Un cépage du Rhône à redécouvrir
Guide Marsanne Blanche: des vins baroques de toute beauté
Texte: France Massy, Photos: Charles-Albert Lathion
La plupart des vignerons qui ont participé à cette dégustation affirment que la Marsanne Blanche est l’un de leurs cépages préférés. Pourtant, ils ont de plus en plus de peine à en vendre, au point que certains envisagent sérieusement d’arracher ces ceps pour replanter un cépage plus dans l’air du temps. C’est que la Marsanne, appelée Ermitage ou Hermitage en Valais, n’est pas d’un abord facile. C’est un vin de personnalité aux marqueurs identitaires forts, qui peut désarçonner plus d’un néophyte. On ne parle pas ici des arômes floraux et fruités (poire, abricot, framboise en tête), des notes gourmandes et pâtissières (très flatteuses), mais des accents séveux, résineux parfois, de cette amertume qui signe un vin racé, plus difficiles à apprivoiser. Originaire de la vallée du Rhône, ce cépage occupe aujourd’hui un peu plus de 42 hectares en Suisse, dont 41,9 en Valais, le reste se répartissant entre le canton de Vaud et Genève. L’analyse génétique de la Roussane (qui ne couvre que 4,37 hectares du vignoble helvétique) a révélé des liens de parenté avec la Marsanne, c’est pourquoi ces deux cépages ont souvent été confondus. Ils ont, de fait, été régulièrement complantés. On les trouve souvent assemblés lors de la vinification et les flacons de pure Roussanne sont encore rares. L’ensemble des vins dégustés laisse clairement apparaître que, plus qu’aucun autre, ce cépage mérite qu’on lui laisse le temps de vieillir pour exprimer son exubérante palette aromatique, sa générosité et sa puissance. Un peu de douceur rend la Marsanne plus accessible, d’autant que la sensation de sucrosité s’intègre bien après quelques années en bouteilles. Vinifié en liquoreux, ce cépage donne naissance à des vins envoûtants. On peut les apprécier jeunes, comme des fruits bien mûrs. Plus âgés, ils changent de registre pour devenir des vins de mémoire et de méditation.
Résultats, analyses, avis
«Redécouvrir le goût de la Marsanne, c’est sauver un patrimoine, un savoir-faire.»
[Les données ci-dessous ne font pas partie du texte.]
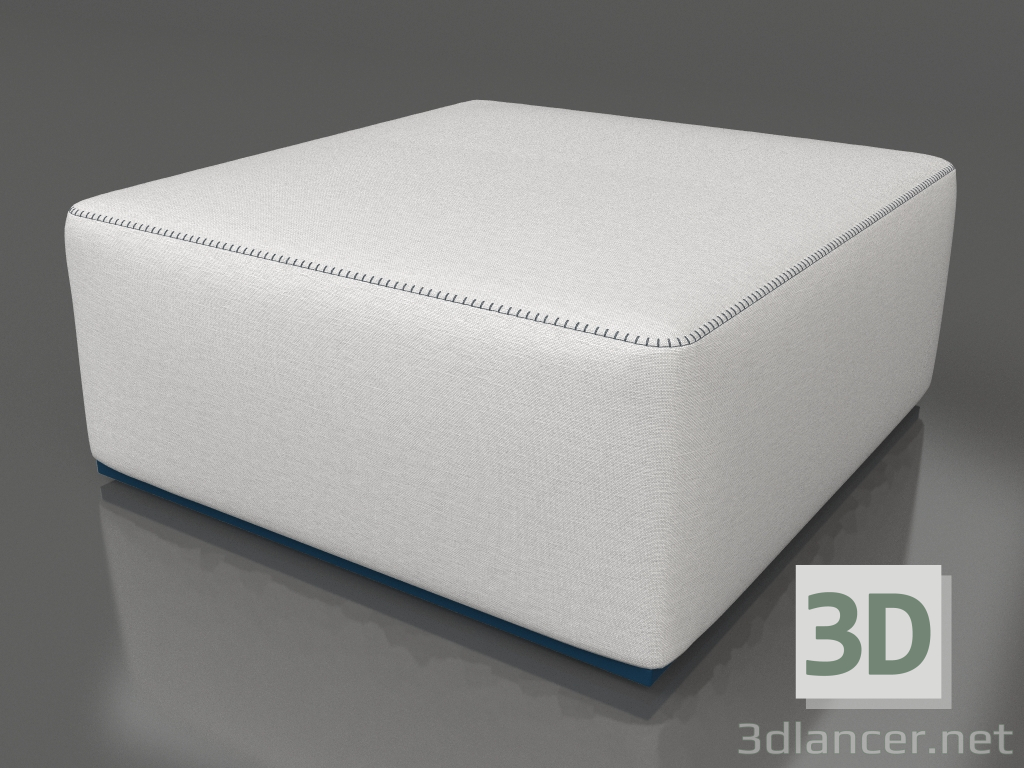 3D Modell Sofamodul, Pouf (Graublau) - Vorschau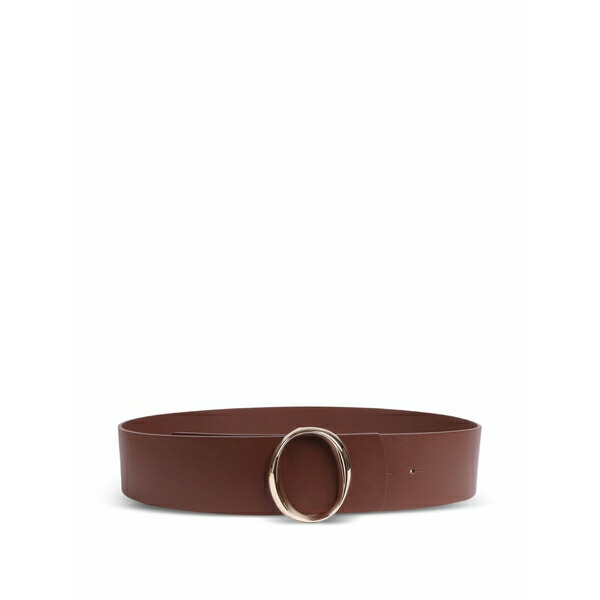 オルチアーニ レディース 三尺帯 付属物 Liberty oval-buckle belt Brown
France Massy journaliste spécialisée
Les terroirs du Valais conviennent bien à la Marsanne qui y puise minéralité, complexité et exubérance aromatique. Elle n’est pratiquement cultivée que dans ce canton où elle a été introduite vers 1845. Son style diffère de celui des Côtes du Rhône. La Marsanne Blanche, ou l’Ermitage comme on la nomme la plupart du temps en Valais, a le caractère des montagnards: un peu rustique parfois, intense, mais séduisante, dès qu’on sait l’apprivoiser. Dans l’ensemble, les vins présentés étaient de très bon niveau. Celui des liquoreux est tout simplement bluffant. On déplore d’autant plus le manque d’intérêt du public pour ce cépage. Bien sûr, les goûts des consommateurs évoluent. Les vins riches, opulents, avec du sucre résiduel laissent la place à des vins plus légers, plus fins et élégants. Je n’échappe à cette tendance. Moi aussi, je craque pour la fraîcheur et la vivacité. Je suis régulièrement impressionnée par les créations des jeunes talents de la vitiviniculture suisse. Lors de cette dégustation de Marsanne, nous avons découvert des vins complexes et amples, mais aussi des structures plus élancées, des vins qui vont développer de sacrés arômes si on les oublie quelques années en cave. Les boire trop jeunes, c’est rater une part de leur identité. Pour les laisser vieillir, encore faut-il en acheter. C’est là qu’interviennent les prescripteurs. Aux journalistes, blogeurs et interprofessions d’en parler, de les mettre en lumière pour donner envie de les consommer. Sans chauvinisme particulier, juste se délecter de cette variété envoûtante, qu’elle soit suisse, française ou du Nouveau-Monde. Redécouvrir le goût de la Marsanne, c’est sauver un patrimoine, un savoir-faire. Alors, engagez-vous à notre suite pour ce cépage du Rhône.
La dégustation
Tous les producteurs de Suisse romande ont été invités à présenter un vin blanc sec et un vin liquoreux à base de Marsanne Blanche pure et/ou de Roussanne (ou d’un assemblage des deux). Le millésime n’était pas précisé, mais les vins présentés devaient être disponibles à la vente lors de la parution de la dégustation.